A: It’s worth pointing out that there’s a lot of hoo-haa around insulated tools from manufacturers but what we are talking about are tools with specially designed insulating covers and sheaths that expose the user to a minimum of metal that might potentially become a live conductor. Just using insulated tools doesn’t eliminate risk entirely – only common sense and careful safety procedures can do that.
From the point of view of design, insulated tools will deliver protection from electric shock with 2 layers of poly – a bonded base coating and a flame resistant outer layer. Not every insulated tool will have 2 layers – the better ones will have. Depending on country of manufacture, insulated tools are made by attaching injection moulded handles or by dipping metal handles into molten insulation material.

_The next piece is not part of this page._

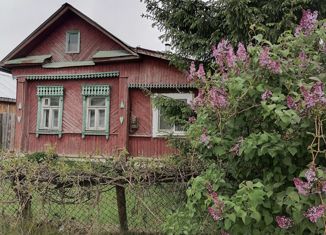 Продам дом, 40 м2, Шуя, 8-я улица Фрунзе, 15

The process of getting insulation right by dipping can be time consuming – tools may need to be dipped multiple times to attain the right insulation thickness and will then require trimming. If you’re looking for a performance standard, the one to watch out for is ASTM F1505, which covers adhesion, dielectric properties, flammability, and durability. The best tools will have a lifetime warranty and the toolmaker’s willingness to support that warranty will be readily established in technical forums.
All other things being equal, I think the question here should be is it best for a young tech to buy insulated tools or uninsulated – we’d recommend insulated. And when it comes to cost, if you’re dedicating your life to installing electronic security solutions and you think you might wind up on the hot side of 240V AC (after the proper training), then high quality insulated tools are a worthwhile investment.
Does a young tech need $2000 worth of Knipex, Wiha or Klein, or could they can get away with using low cost insulated screwdrivers from Britool or Witte, along with a compact insulated shifter and various cutters, testers, hooks and probes for those times they decide there may be an issue? There’s a case for both options. Something to take into account is that good tools will last a lifetime, while cheap tools that aren’t cared for will rust or fall to pieces rapidly, especially if you park your van near the beach.
Should you go for insulated gear for reasons of protection, be sure to cover off some of the quirky things you might find yourself needing if you spend time fiddling around in tight spaces – things like tweezers, hooks and little clamps can get used way more often than you’d expect when you’re reaching into tight spaces and trying to keep wires out of the way.
If you go for insulated, be sure to buy strippers, pliers and cutters with pronounced guards to protect against fingers slipping forward onto metal jaws and try the tools to make sure your choice fits your hand. If you’re going to spend serious money on serious tools, never carry an unsheathed knife or cutting implement in your tool box or tool bag that may nick the insulation.